Work instructions
No pictures go into the output, which should consist only of the lines from the first line of the data through the line with "Lamborghini Arena Turns", copied exactly.

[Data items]
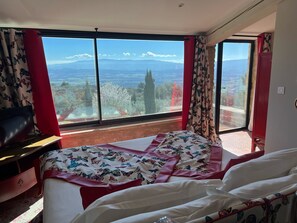 A bedroom with a large window, a bed with floral bedding, and a red chair.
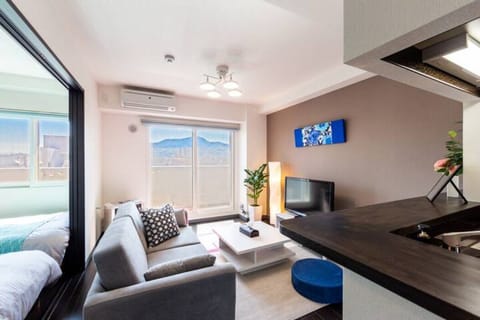 Apartment, Non Smoking | Living area | Flat-screen TV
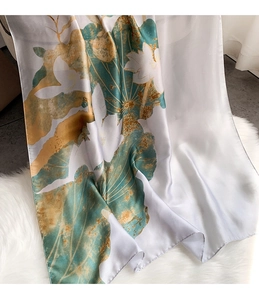 Detail of elegant satin scarf with lotus print and fine rolled edges on soft background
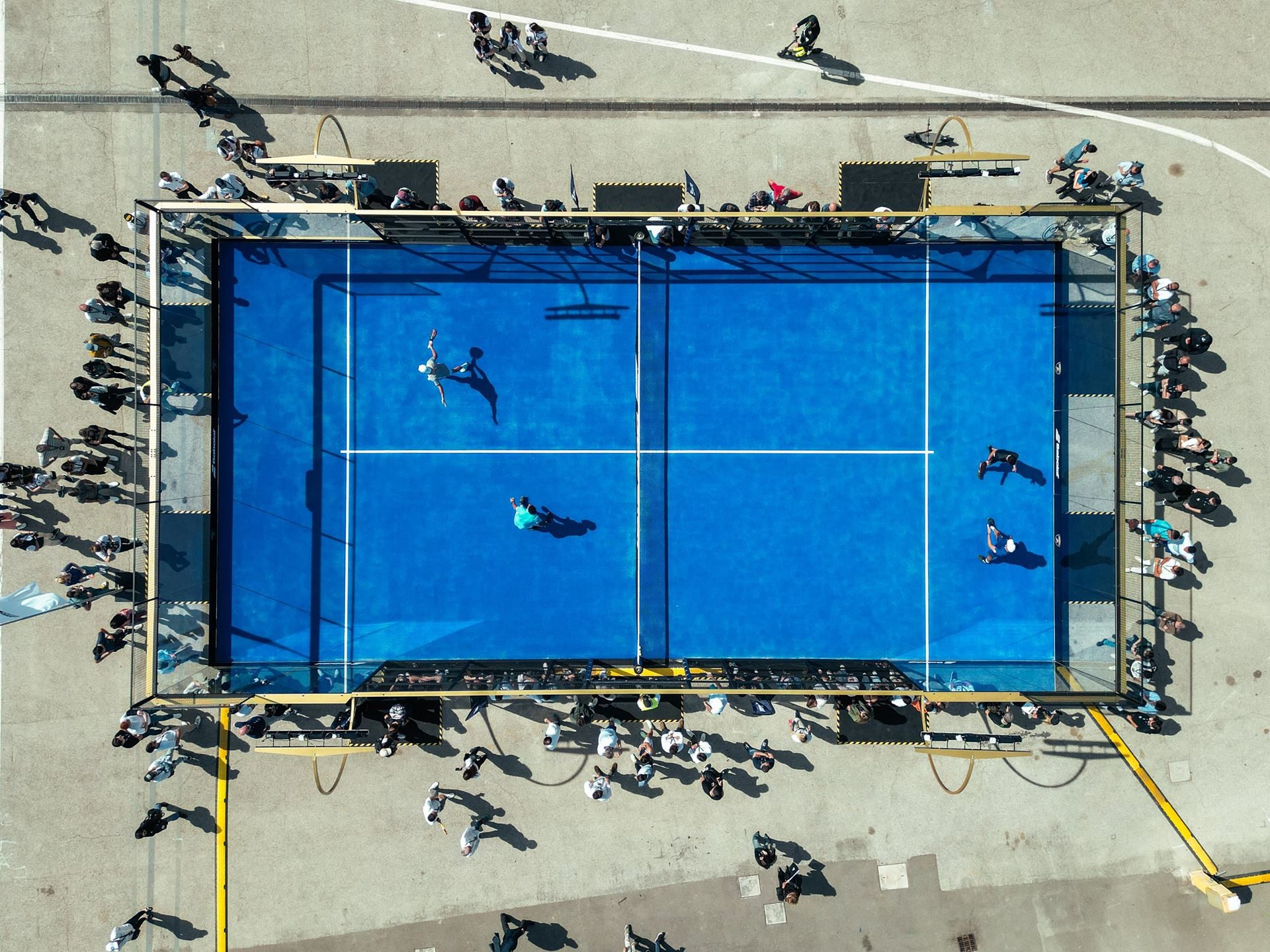 Lamborghini Arena Turns Imola Into A Brand Theme Park, While The Revuelto Sv Lurks Nearby 15 Aerial view of a blue padel tennis court with players and spectators at the lamborghini arena event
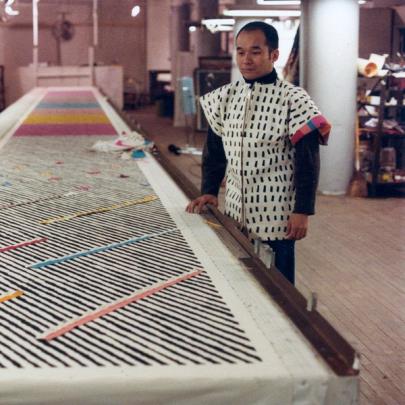 A photograph showing a long table in perspective with black and white and at times colorful striped fabric yardage disappearing as it approaches the far wall. On the right is the artist, Jun Kaneko, a short Japanese man with short hair, observing his work. He is wearing a boxy white tunic with dark long sleeves protruding from underneath. 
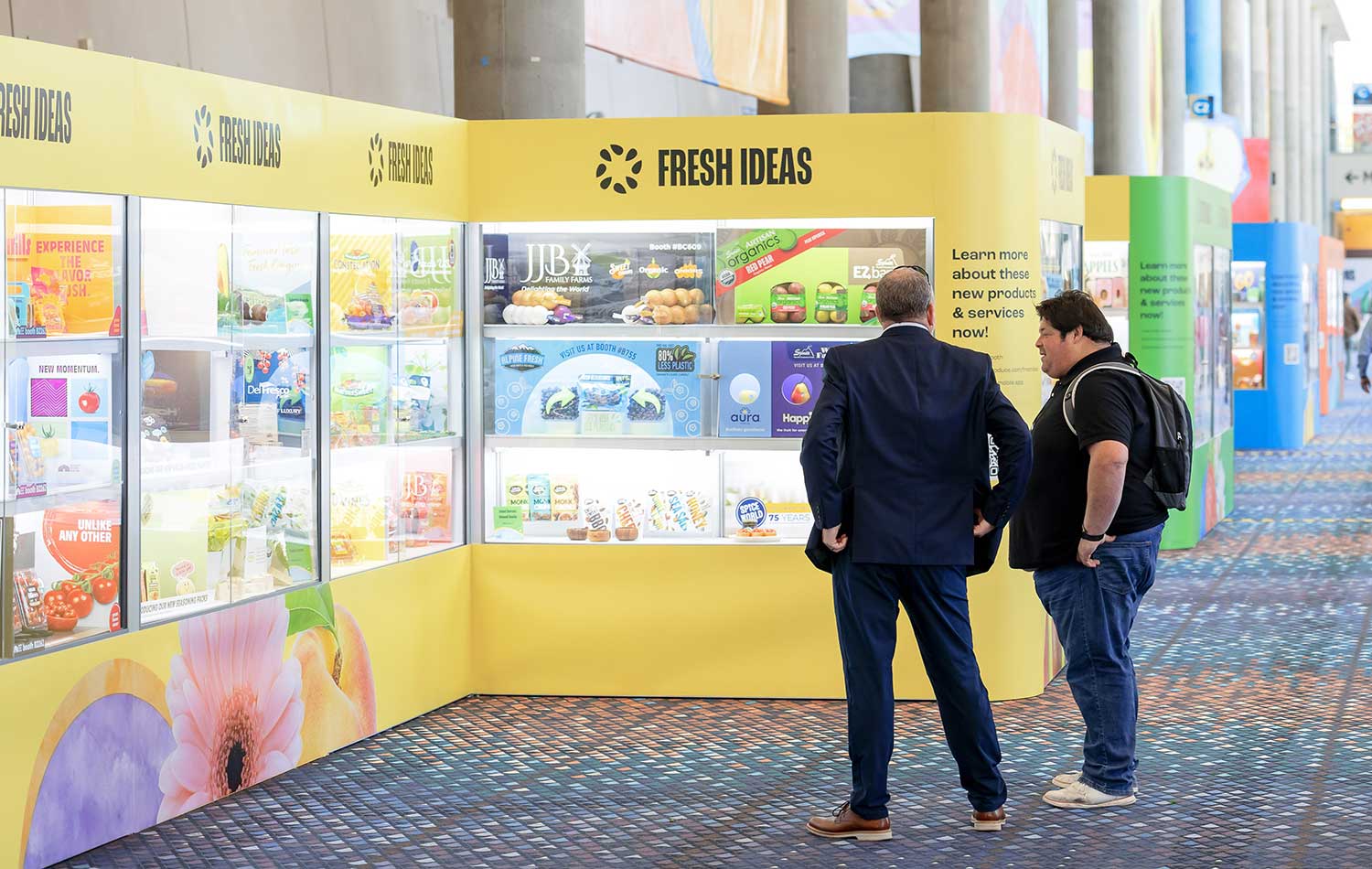 Two men looking at a "FRESH IDEAS" booth displaying food products.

Response to the exercise
 A bedroom with a large window, a bed with floral bedding, and a red chair.
 Apartment, Non Smoking | Living area | Flat-screen TV
 Detail of elegant satin scarf with lotus print and fine rolled edges on soft background
 Lamborghini Arena Turns Imola Into A Brand Theme Park, While The Revuelto Sv Lurks Nearby 15 Aerial view of a blue padel tennis court with players and spectators at the lamborghini arena event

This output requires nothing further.